Hmmm. Ok bad example. What I mean is, it’s alway best if a regulator understands what you’re doing, why you’re doing it, and of course how it helps them and their goals.
On perhaps the other end of the spectrum, you might receive a notice that you’re being actively investigated. In that situation, well you should probably stop reading this newsletter and get a white-collar/investigations attorney who works well with prosecutors. Or, depending on the situation, one who doesn’t. Either way get your litigation hold procedures in order and if you’re not a skillful enough grifter to fake a deep voice for a decade, resist the urge to destroy any documents. But anyway, I’m digressing…
Setting Expectations
Outside of those aforementioned extreme ends of the spectrum, companies do have some leeway to push back, especially when it comes to consumer privacy. It’s easy to see why Grewal mentioned it in his public appeal. Apple didn’t exactly face a ton of public backlash by spent years fighting with the FBI over unlocking iPhones in connection with high-profile criminal investigations.
“The government is asking Apple to hack our own users and undermine decades of security advancements that protect our customers — including tens of millions of American citizens — from sophisticated hackers and cybercriminals,” the company said at the time. “The same engineers who built strong encryption into the iPhone to protect our users would, ironically, be ordered to weaken those protections and make our users less safe.”
Taking a stand like that requires a well thought out point of view, and its helpful to set those expectations - both with the government and with your customers - publicly, and from the beginning. Most companies map this out somewhere in their privacy policy setting the expectation that they will generally only reveal consumer information to law enforcement if “required to by law” or if necessary to protect someone or something from harm. Going back to Coinbase, for example, they have a fairly standard provision.

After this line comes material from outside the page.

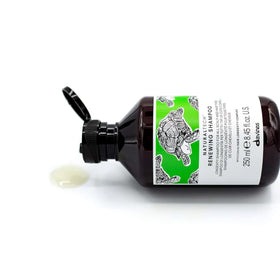 Davines renewing shampoo bottle in hand for size and scale reference
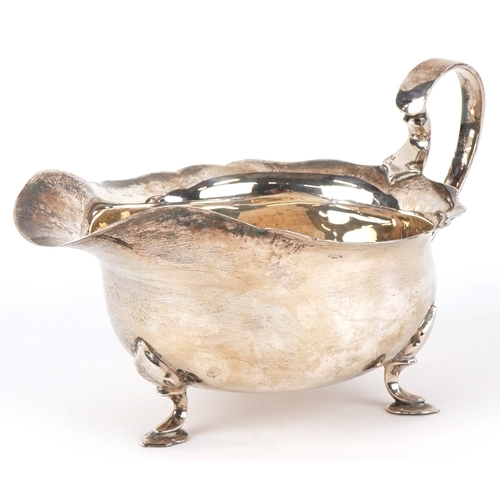 3607 - Mappin & Webb, a George V silver sauceboat raised on three feet, Sheffield 1935, 16cm in length, 113...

With law enforcement, officials, or other third parties when we are compelled to do so by a subpoena, court order, or similar legal procedure, or when we believe in good faith that the disclosure of personal information is necessary to prevent physical harm or financial loss, to report suspected illegal activity, or to investigate violations of our User Agreement or any other applicable policies.
There is a lot of wriggle room by design in those type of statements - they call out discrete but broad parameters that allow them to essentially do what they think is right. Whether or not you’ve been subpoena’d, there is a big difference between complying with AML reporting requirements, actively helping to prevent crime, and handing over the names of some folks who clicked “yes” on a waitlist. At some point, the company needs to make a value-judgment and stand behind it, and while government compulsion is certainly one of the determining factors, there are times to push back against that as well.
Keeping it Simple
But overall, for most companies and most situations, interactions with law enforcement eventually becomes a standard part of doing business. Most of the time law enforcement asks for more specific pieces of information, and its much easier to make an assessment of a narrow request than some categorical sweep. For those circumstances, an established internal policy along with some workflows and process can take you pretty far.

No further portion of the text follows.